[Given information Boundary: Start]
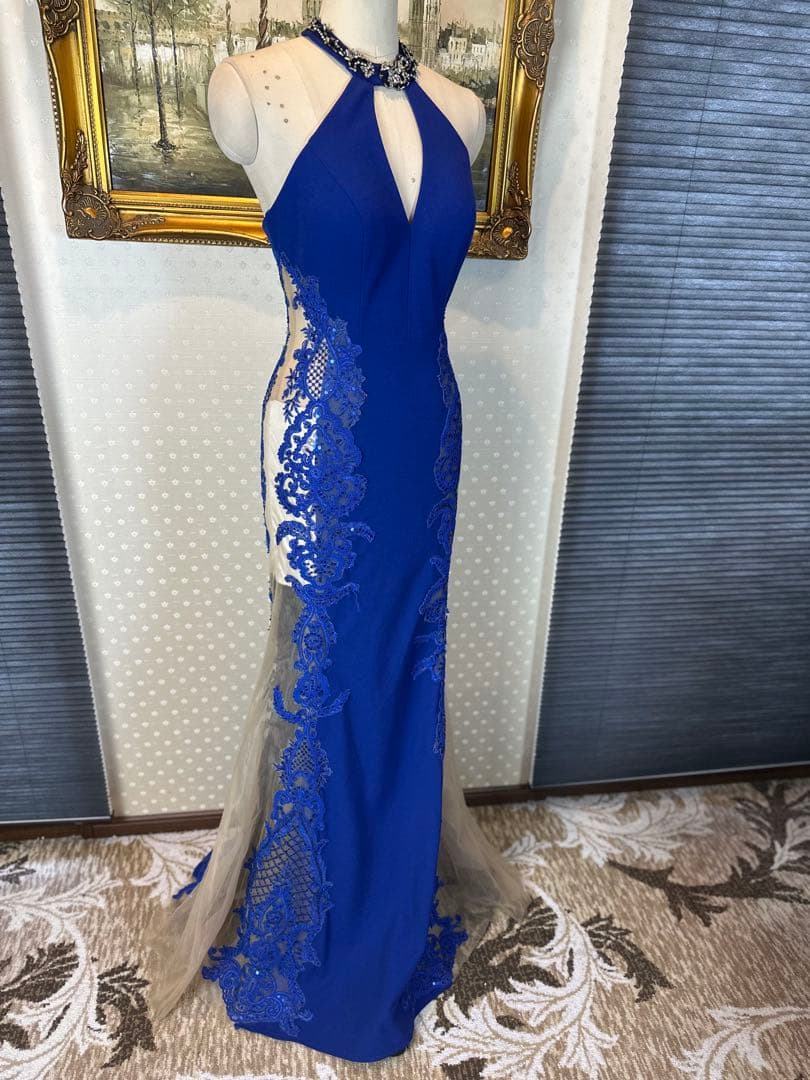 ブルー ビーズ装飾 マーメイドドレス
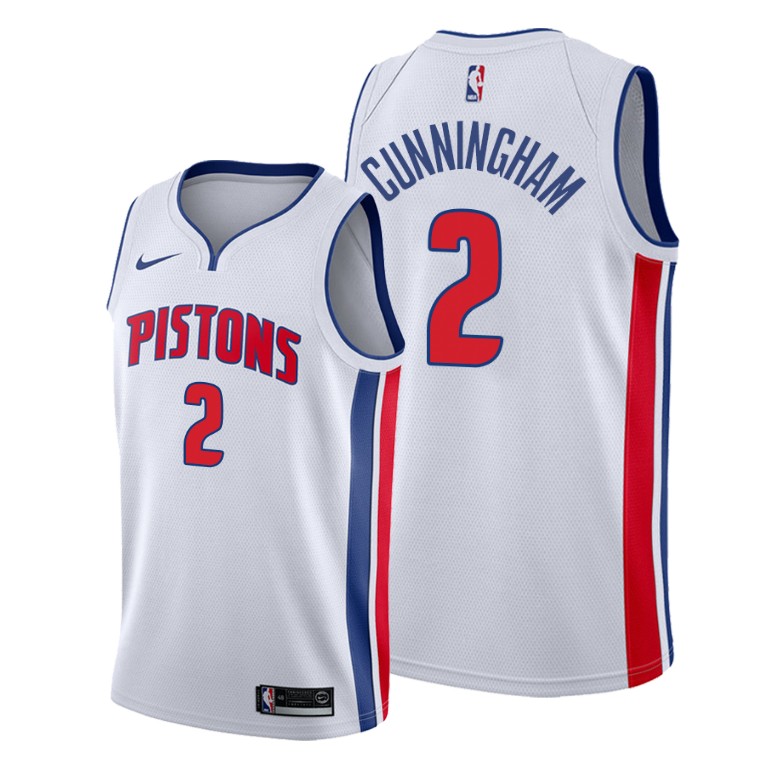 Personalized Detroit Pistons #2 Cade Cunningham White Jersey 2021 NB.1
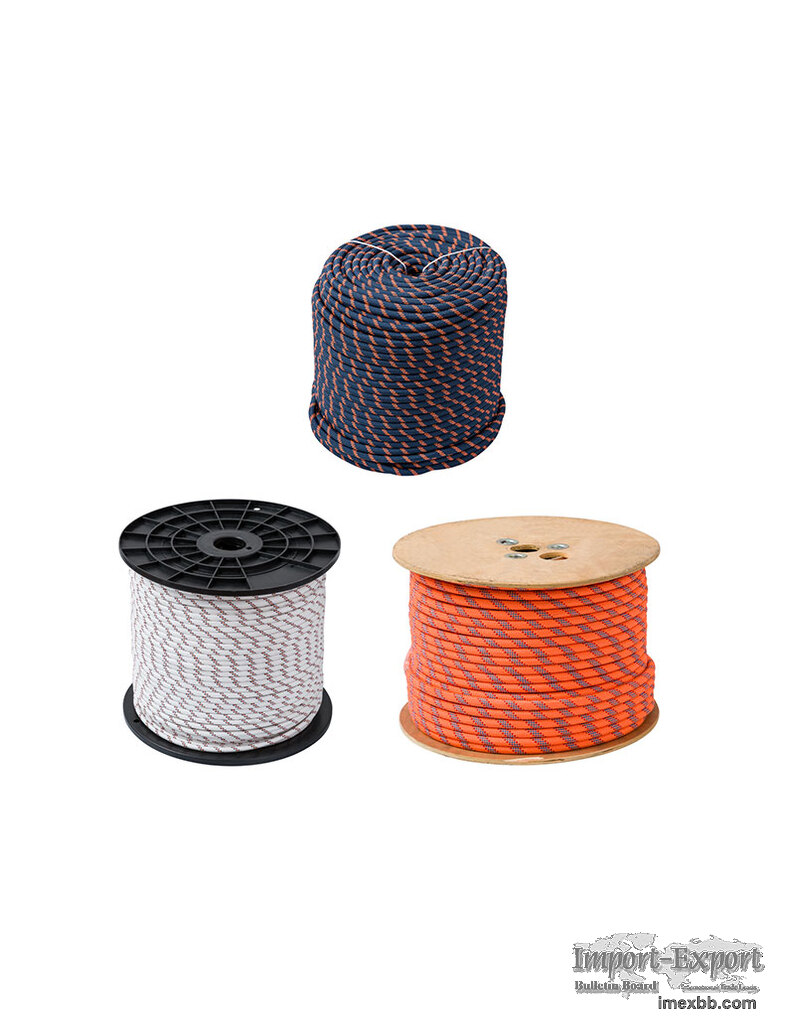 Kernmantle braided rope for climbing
[Given information Boundary: End]
Brief -> Take the listing and print it again exactly, but without any pictures.

Your solution ->
 ブルー ビーズ装飾 マーメイドドレス
 Personalized Detroit Pistons #2 Cade Cunningham White Jersey 2021 NB.1
 Kernmantle braided rope for climbing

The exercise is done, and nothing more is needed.